Al Kooper is still going strong at the age of 74. If you love the music that came out of the ’60s, you may know him from his seminal work with the Blues Project, with Bob Dylan, with Electric Flag, with Mike Bloomfield and Stephen Stills, with Blood, Sweat & Tears, with Jimi Hendrix, with George Harrison, with the Rolling Stones and on and on. And that’s just as a multi-instrumental musician. He also pops up everywhere as a songwriter (“This Diamond Ring”) and producer ( Lynyrd Skynyrd). His 1998 memoir Backstage Passes & Backstabbing Bastards is some kind of a classic. It is certainly my favorite memoir by a pop musician. If Forrest Gump had been a humorous genius, Kooper would be his musical equivalent.
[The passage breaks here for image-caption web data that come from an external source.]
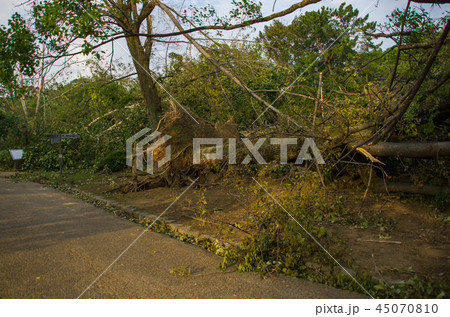 台風被害・倒木 台風被害・倒木 45070810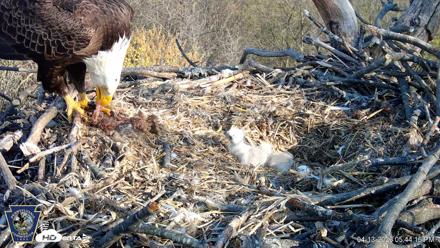 Hanover Eagles Live Cam - Apr 13, 2026, 5:44pm EDT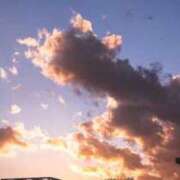 ヒメ日記 2025/11/06 18:14 投稿 みなみ しろわい 仙台店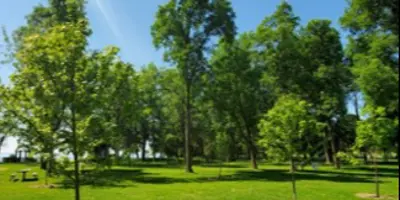 leafy trees in a green space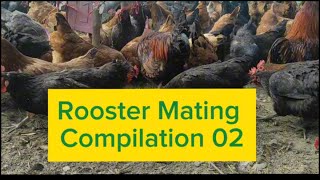 Witness the Rooster Mating Like Never Before 02 agrofarm [upl. by Pizor]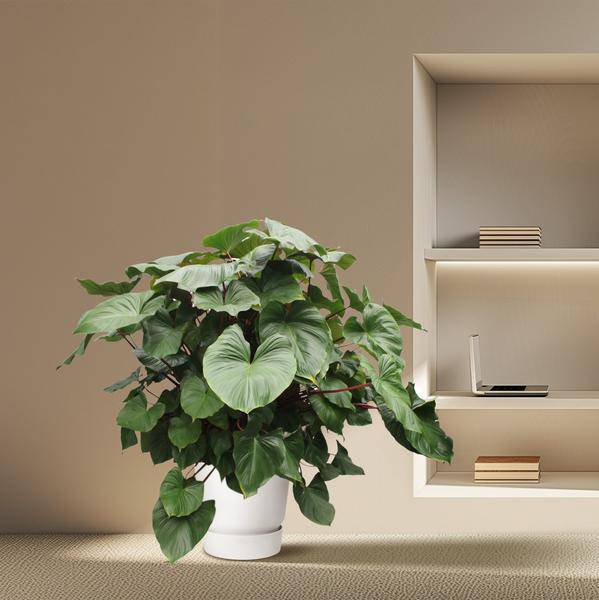 Herzblatt Homalomena Rubescens Maggy – 170cm hoch – Ø60cm – Tropische Zimmerpflanze mit großen herzförmigen Blättern – Pflegeleicht & dekorativ – Für Wohnzimmer, Büro & Innenräume 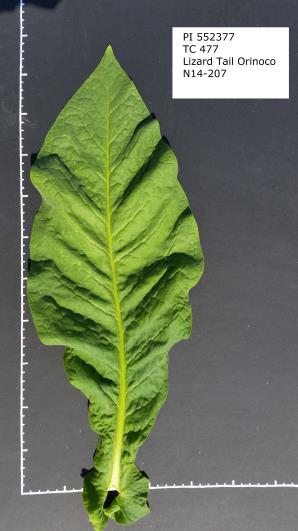 LizardTailOrinocoPI 552377_GRIN.jpg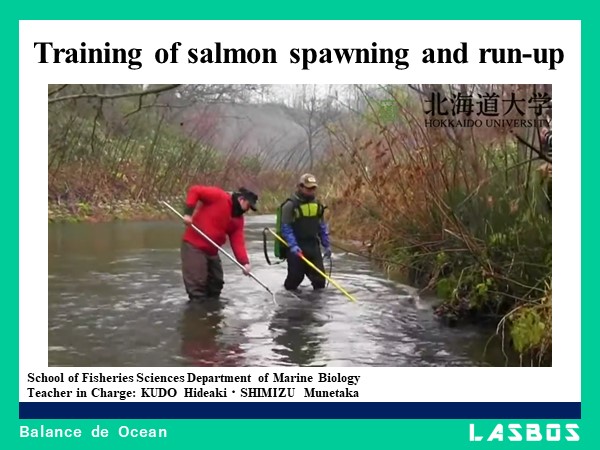 Training of salmon spawning and run-up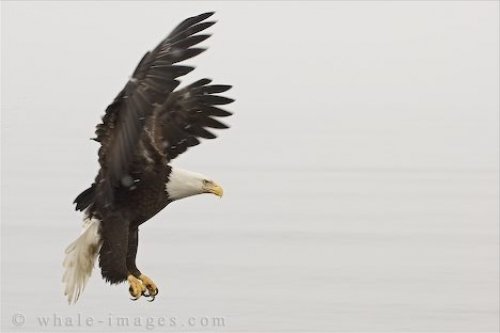 Bald Eagle Area Homer Alaska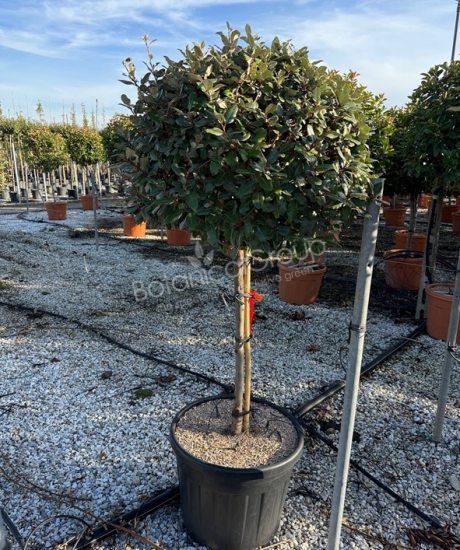 Elaeagnus ebbingei - Olijfwilg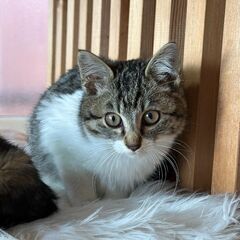 可愛いチェックちゃん「トライアル決まりました。」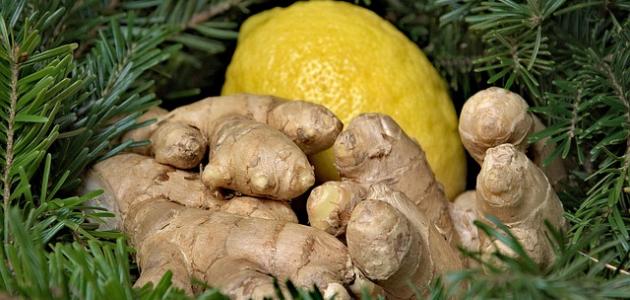 تقوية جهاز المناعة بالاعشاب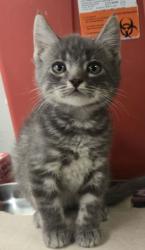 Shelter Stray Male Cat last seen S Willow Ave & E Central Ave, Fresno Zone Fresno CO 1A 93725, CA, 1510 W Dan Ronquillo Dr, Fresno, CA 93706, USA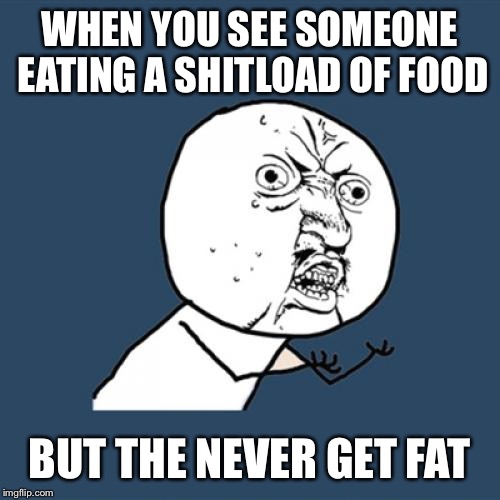 Y U No | WHEN YOU SEE SOMEONE EATING A SHITLOAD OF FOOD BUT THE NEVER GET FAT | image tagged in memes,y u no | made w/ Imgflip meme maker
Early in his memoir Kooper recalls hopping a subway on a Saturday morning in 1960 to wait around Musicor Records at 1650 Broadway in New York. Musicor was the new label founded by songwriter Aaron Schroeder; Kooper was hoping for some session work. Schroeder invited Kooper to sit in on the audition of a singer/songwriter he was thinking about signing to his new label:

While I thumbed through the latest Billboard magazine in the waiting room, this guy walks in wearing a salt and pepper jacket, heavily greased-down DA (“Duck’s Ass”) hairdo, and white bucks. Three dressing schools tied together; very strange. The creature was quickly ushered in, sat down at the piano, and proceeded to mesmerize us for two uninterrupted hours with his incredible songs and bizarre voice. He was an original, and the impact on me was like hearing soul music for the first time. But one of the mightiest music business ordinances encourages the “poker-face,” so Schroeder and I did our utmost to refrain from hailing him as the unique talent we knew he was. After the kid left, Schroeder nonchalantly asked me what I thought.
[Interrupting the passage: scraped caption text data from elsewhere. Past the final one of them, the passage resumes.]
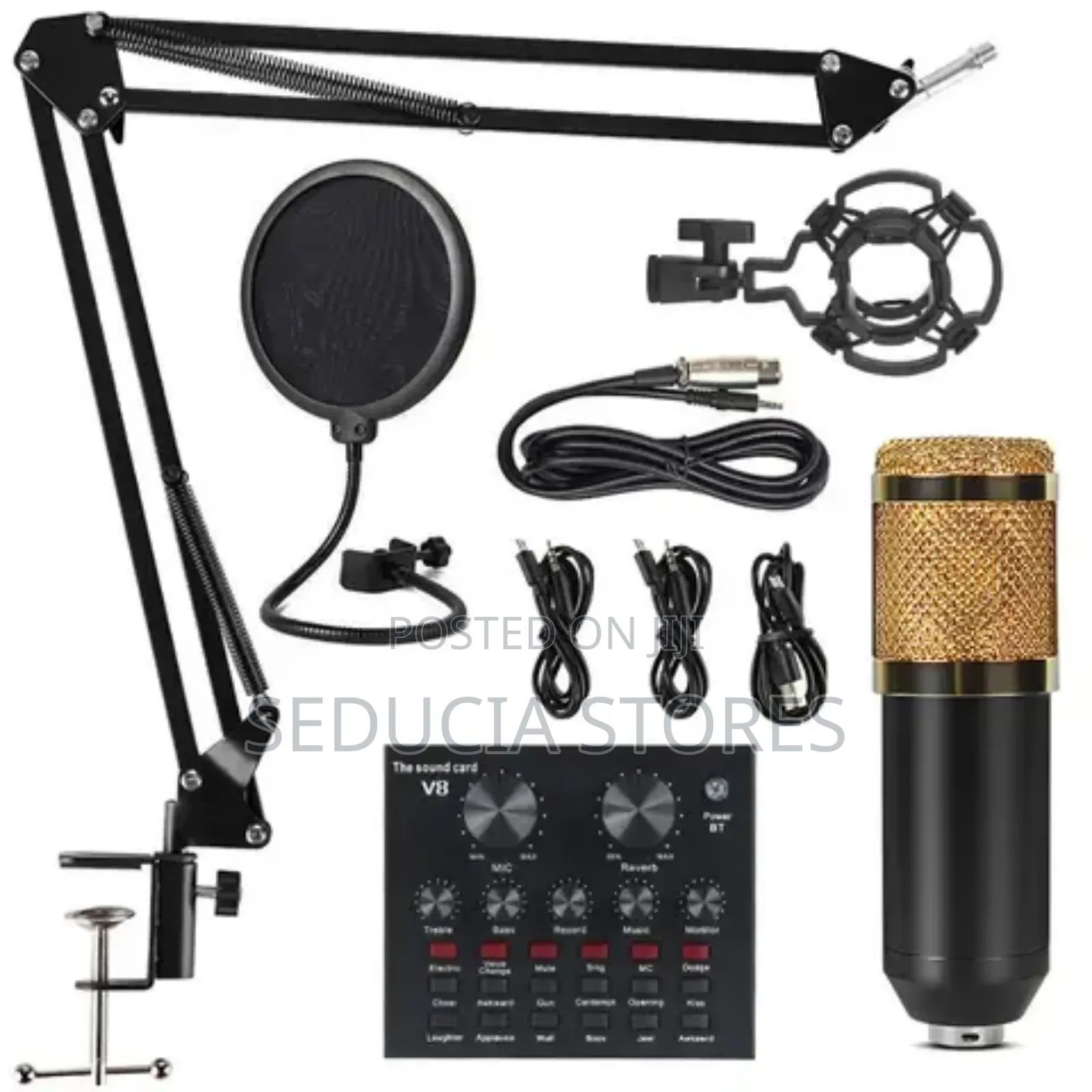 Condenser Microphone With V8 Live Sound Card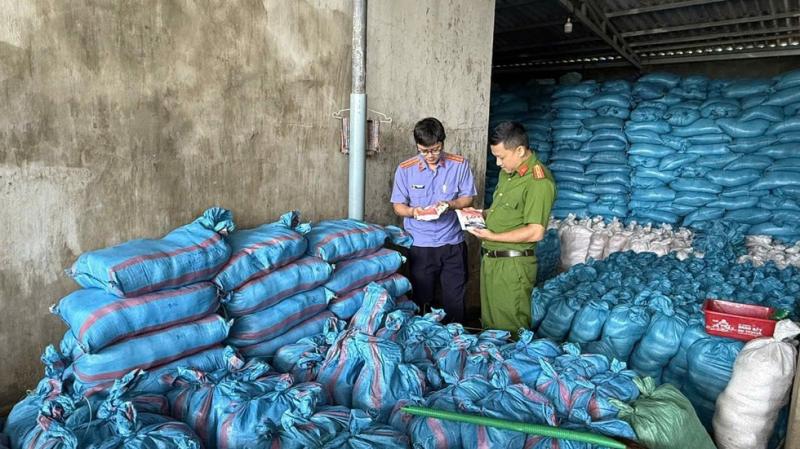 Sản xuất hơn 1.700 tấn muối i ốt giả: Khởi tố nữ giám đốc- Ảnh 1.
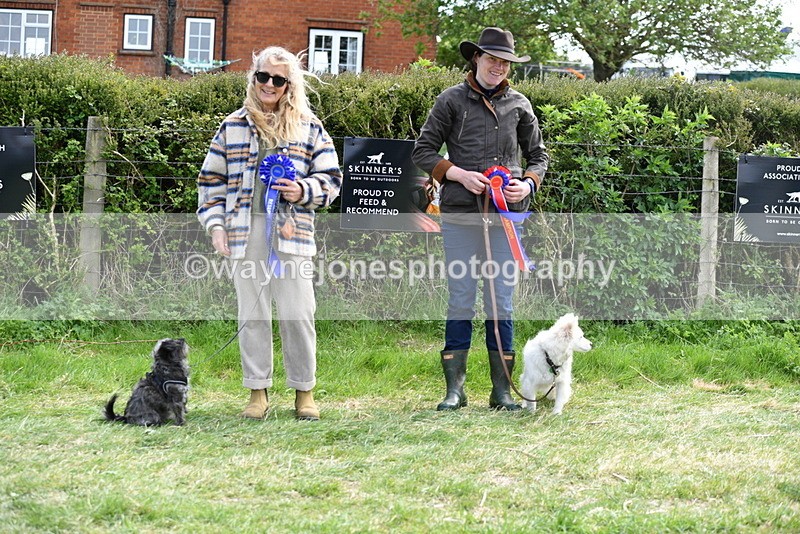 WJ5_0869 - Best in Show Championship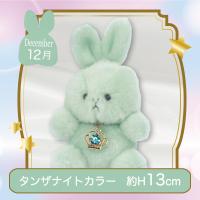 【誕生月・12月】Happy Birthcolor Pastel Rabbit〜Crown〜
“What could anyone think?” I said, knowing that we both knew the answer perfectly well. “Sign that guy!”

“Should we change his name?” Schroeder asked.

“Don’t make no difference what you call him,” I answered, “Gene Pitney is gonna be a big star!”
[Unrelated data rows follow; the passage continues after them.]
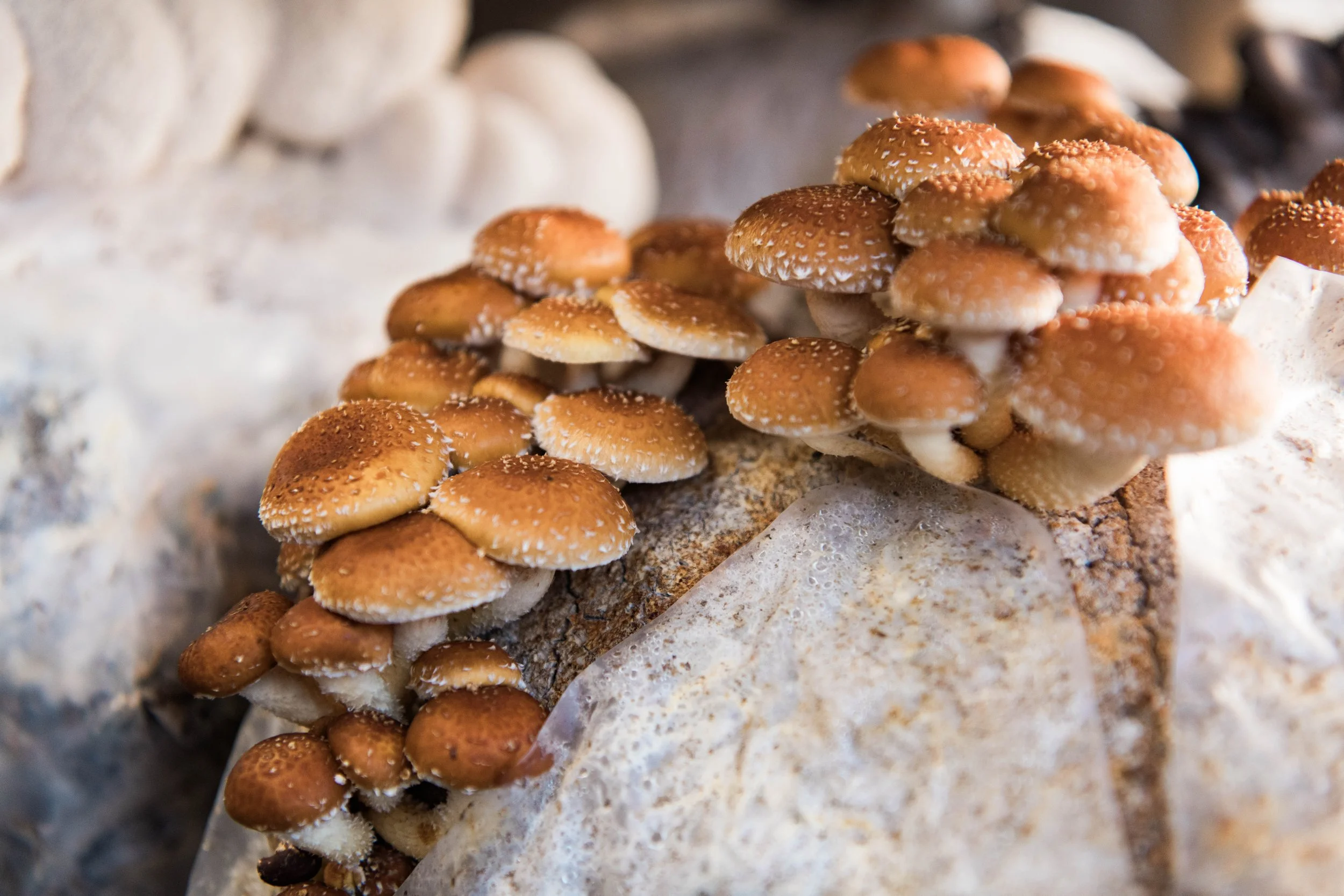 The Next Generation of Farming: Free Rein Creative Launches the New Ferg's Fabulous Fungi Website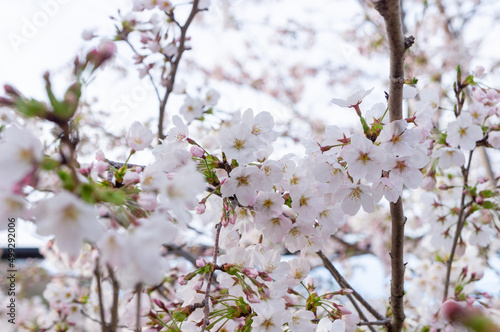 Obraz na płótnie 桜の花、兵庫県赤穂市、4月に撮影 w salonie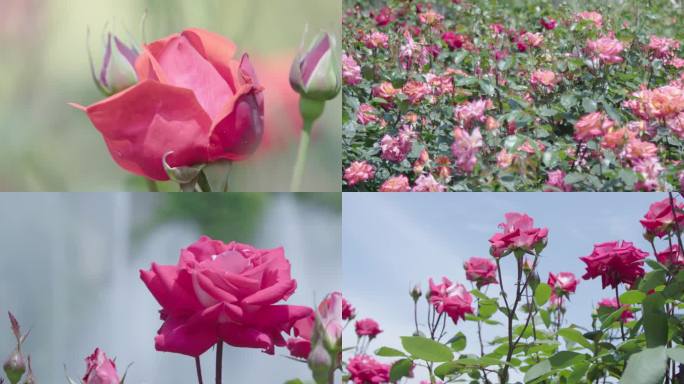 4k-花园鲜花盛开月季花开生态公园美景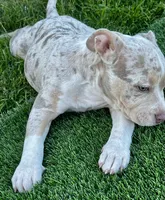 Yellow, a female American Bully for sale in Katy, TX – 7 of 8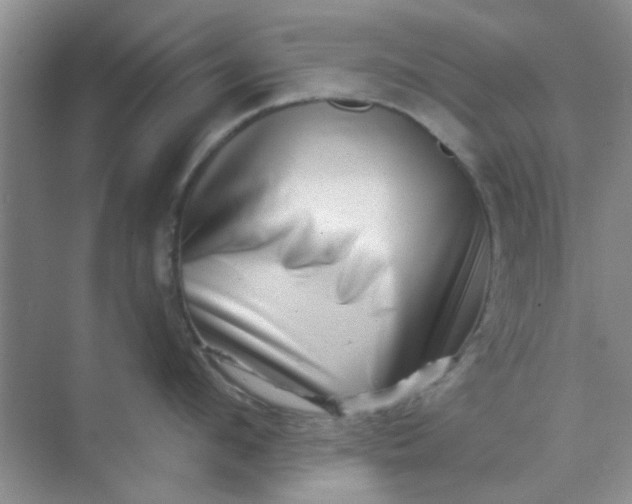 X0000070240912200606161842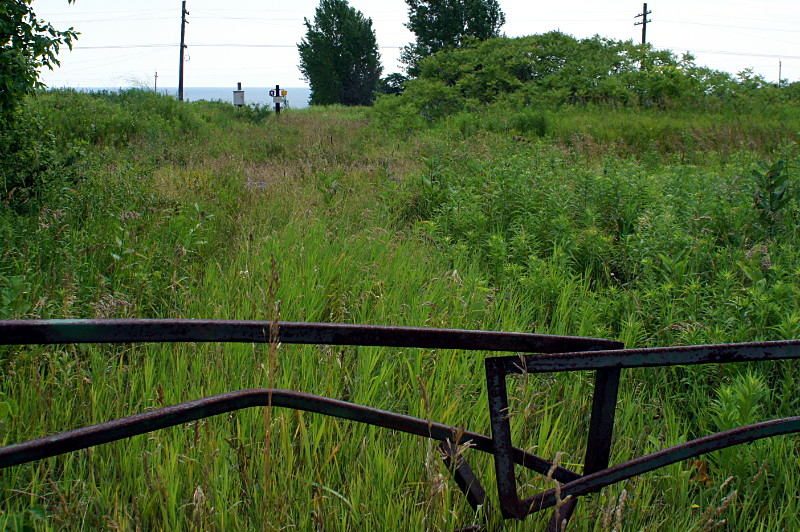 Pedestrian crossing in a field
Here is Kooper on the 1966 Elektra sampler What’s Shakin’, where I first found him.

Here he is with Mike Bloomfield on “Blues for Nothing,” an outtake from the epochal 1968 Super Session album with Bloomfield (side 1) and Stephen Stills (side 2).

Here he is on “I Love You More Than You’ll Ever Know,” from that first BS&T album. After that first album, he was thrown out of the band that he himself had founded.

On May 31, 2010, Lowell Pickett produced a three-and-a-half-hour tribute to Kooper on a Sunday afternoon at the Dakota Jazz Club & Restaurant in Minneapolis. It featured Kooper himself along with principals in some of the Twin Cities’ best indie bands. His influence must be wide.

I was there, but my memory of the show was a little off. Thankfully, Lowell has posted Jon Bream’s contemporaneous Star Tribune account here.

Among other things, Kooper loves bringing good music to the attention of his fans. For years he published a weekly online column he called New Music For Old People, annotating new recordings that he loved along with the audio clips of the recordings themselves. I may be mistaken, but I vaguely recall that it was killed for reasons having to do with intellectual property.

I remain on Al’s email list. Last week he announced that he “finally got my radio show on the air – it’s called New Music for Old People and is an hour long every week. To access the podcast, go here. It airs on WVVY every Sunday at 11AM (ET) and is repeated on Wednesdays at 11PM. However, if things are working OK, you can access it online at anytime after the first broadcast.”

On the show itself he explains: “What we are attempting to do here is to turn you on to music you may have missed…music that is worth listening to.” He’s now up to episode 2 and it is terrific.

Al’s (richly rewarding) site is here. He writes about his new show here. My purpose in taking this brief and partial look back at Kooper’s career is to draw attention to his New Music for Old People podcast. As Miss Jean Brodie puts it “in her best Edinburgh voice” in Muriel Spark’s novel, “For those who like that sort of thing, that is the sort of thing they like.”